Chinese restaurants are a staple on the Island, so when you’re choosing where to go for Asian cuisine, do you ever open yourself to something new or do you resign yourself to the tried and true? The former can be a gamble and the latter … well, redundant.
Today, my vegan lunch pal and I opt for the thrill of the gamble. Driving along Alakea Street, I’m often drawn to the elegant exterior of The Mandalay with its classy peach-toned marble and granite exterior, so we decide to give it a try.
The veggie items on the dim sum menu are Vegetarian Spring Rolls (3 pieces, $3.50) and Vegetable Rolls (2 pieces, $3.50; lunchtime only, 10:30 a.m.-5 p.m.). The crispy spring rolls contain shredded taro, shredded black fungus, carrots, cabbage and bamboo shoots, and come with a sweet and sour sauce — yummy, but traditional. The vegetarian roll that arrives in a bamboo steamer is more of a surprise. The plump dumpling filled with hunks of tofu, bean curd, black mushroom and baby corn is almost bursting from its cabbage leaf wrapping. A bite into that luscious bundle rewards the palate with an explosion of warm broth from the spongy tofu (we’re told it’s made from bean sprouts) and then there’s a crunch and a satisfying chewiness as your teeth hit the corn and the mushroom.
At our request for something vegan for the main course, our host, owner Linda Chan, feels the challenge. She wants to offer us the popular mu shu dish, but there’s no way around the eggs. She finds a quick solution: Vegetarian Lettuce Wrap ($12.95, not on the menu, must be specially ordered). A plate of six rounds of iceberg lettuce and a dark plum sauce arrive accompanied by a heaping plate of something grainy-looking — it’s just a tan heap, no beautiful flourishes or variety in shape or color.
My companion and I each grab a piece of lettuce, spread on a spoonful of the deep purple sauce, lay on some of the mystery filling and are rewarded with a zesty mouthful of nutty flavors in assorted consistencies, followed by a delicate hint of wok-fried smokiness.
“The filling is water chestnuts, chestnuts, bamboo shoots and mushroom,” reveals Chan. “We stir-fry it with garlic and onion.”
The lettuce is a lighter way than the mu shu wrap to hold it all together and the plum offers a delightful tang.

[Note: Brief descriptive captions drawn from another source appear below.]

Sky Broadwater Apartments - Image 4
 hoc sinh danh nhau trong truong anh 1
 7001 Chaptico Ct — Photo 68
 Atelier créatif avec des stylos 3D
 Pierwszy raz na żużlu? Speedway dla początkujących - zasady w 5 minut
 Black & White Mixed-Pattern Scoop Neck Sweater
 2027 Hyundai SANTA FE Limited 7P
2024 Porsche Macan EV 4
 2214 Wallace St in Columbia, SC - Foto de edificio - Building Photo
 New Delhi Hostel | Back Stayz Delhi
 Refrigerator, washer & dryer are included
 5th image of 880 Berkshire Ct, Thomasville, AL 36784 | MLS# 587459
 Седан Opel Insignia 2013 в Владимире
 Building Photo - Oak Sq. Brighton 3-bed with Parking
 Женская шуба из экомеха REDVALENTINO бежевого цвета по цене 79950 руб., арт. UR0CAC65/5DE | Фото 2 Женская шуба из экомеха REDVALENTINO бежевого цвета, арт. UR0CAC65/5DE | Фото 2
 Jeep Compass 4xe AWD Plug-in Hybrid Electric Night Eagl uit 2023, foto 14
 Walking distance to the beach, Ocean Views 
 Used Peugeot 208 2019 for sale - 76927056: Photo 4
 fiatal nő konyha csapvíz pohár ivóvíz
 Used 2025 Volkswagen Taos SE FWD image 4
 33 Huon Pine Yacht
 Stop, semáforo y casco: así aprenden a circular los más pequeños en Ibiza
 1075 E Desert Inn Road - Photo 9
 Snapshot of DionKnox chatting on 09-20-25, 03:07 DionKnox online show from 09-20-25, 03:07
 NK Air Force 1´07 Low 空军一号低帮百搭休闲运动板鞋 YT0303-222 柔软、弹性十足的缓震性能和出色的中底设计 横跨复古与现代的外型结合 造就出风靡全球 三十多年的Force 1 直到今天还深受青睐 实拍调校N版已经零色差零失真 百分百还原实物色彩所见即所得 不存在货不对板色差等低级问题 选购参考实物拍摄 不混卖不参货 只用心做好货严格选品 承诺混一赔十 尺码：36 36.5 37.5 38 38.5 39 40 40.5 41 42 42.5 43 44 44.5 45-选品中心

In the end, we had both eaten to our content. With a toast of our tea cups, a few sips of the jasmine brew rounded off a great meal. We’d made a gamble and with Mandalay we hit the jackpot.
The Mandalay
- Where
- 1055 Alakea Street
- Honolulu, HI 96813
- Call
- (808) 525-8585
- Hours
- Open daily
- 10:30 a.m. – 9 p.m.
- Notes
- Free, validated parking across Alakea Street at Bishop Square after 5 p.m. Monday-Friday and all day Saturday and Sunday.